Channel 4 documentary Dispatches went undercover in Ghana where children as young as 10 have been working gruelling hours to supply cocoa beans to Cadbury – Britain’s favourite chocolate brand. Their undercover investigation, Cadbury Exposed: Dispatches, revealed illegal conditions on farms that support Cadbury’s ethical farming scheme Cocoa Life.

Cocoa Life was set up by Cadbury in 2012 to increase transparency between consumers and farmers, respect human rights and promote ‘self-sustainability’. Cadbury claims the chocolate is 100% slave free.

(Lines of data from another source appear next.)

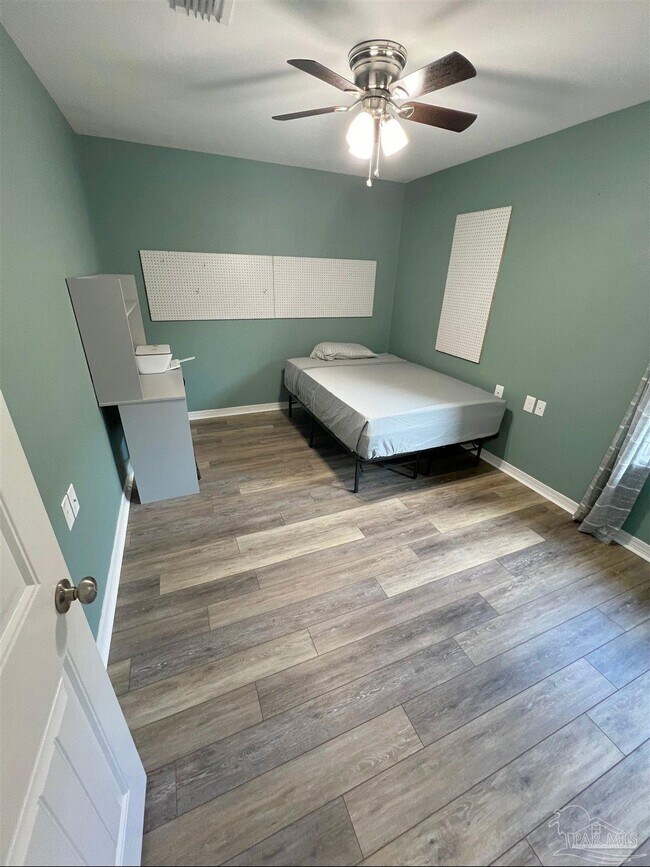 Building Photo - 5798 Corkscrew Ct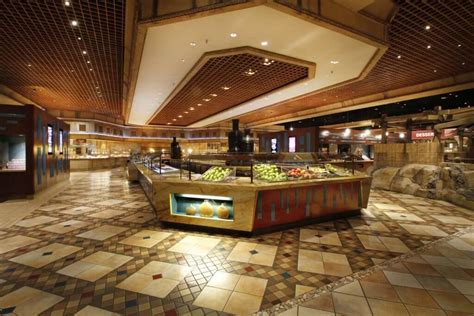 Luxor Rewards Guide: Free Rooms & Food At Luxor Las Vegas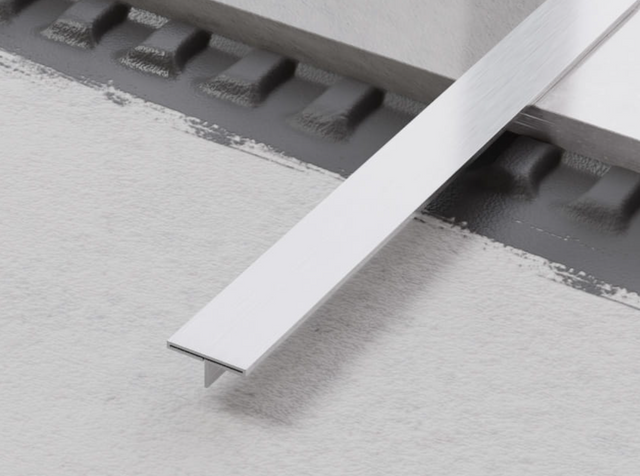 Profil décoratif Ts pour joint de couverture rectifié en acier inoxydable argent satiné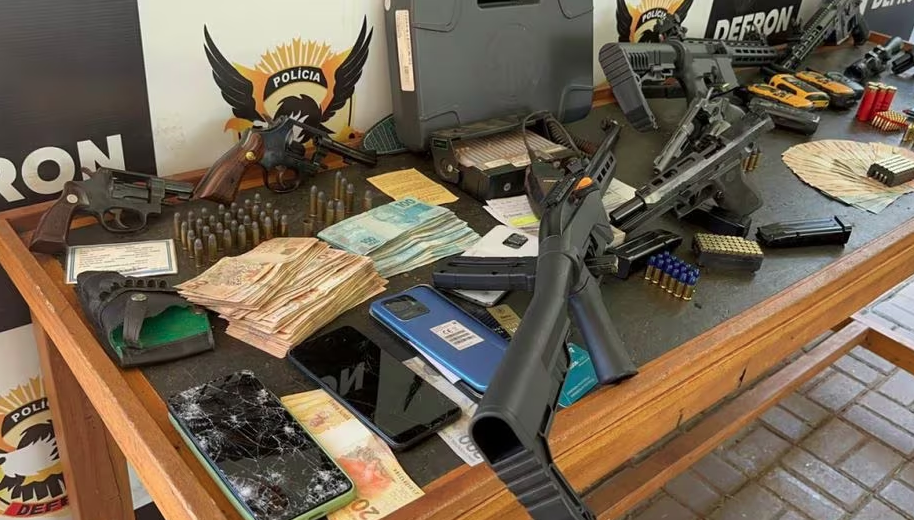 Operação da polícia estadual apreendeu drogas, celulares, dinheiro e armas em cidades do Mato Grosso do Sul, na fronteira com o Paraguai.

Evidence in the report revealed that Cocoa Life child farmers earn less than £2 a day. In addition to the emotional burden, young children bear physical scars from the dangerous work they do using sharp knives and machetes on cocoa farms linked to Cadbury. Other children are seen struggling with heavy loads, long hours and dangerous tools.


The low prices that Cadbury pays for its cocoa beans means farmers are often forced to employ children. From a typical £1 chocolate bar, just 11p goes to the farmer, whilst 10p of every bar goes to profit for Cadburys. Mondelez, owner of Cadbury, earned $4 billon profits last year.


Labels like Cocoa Life sound great and reassuring but it’s an example of greenwashing.

The Dispatches documentary is only 30 minutes, it’s a hard view, but an important reminder to look beyond the label.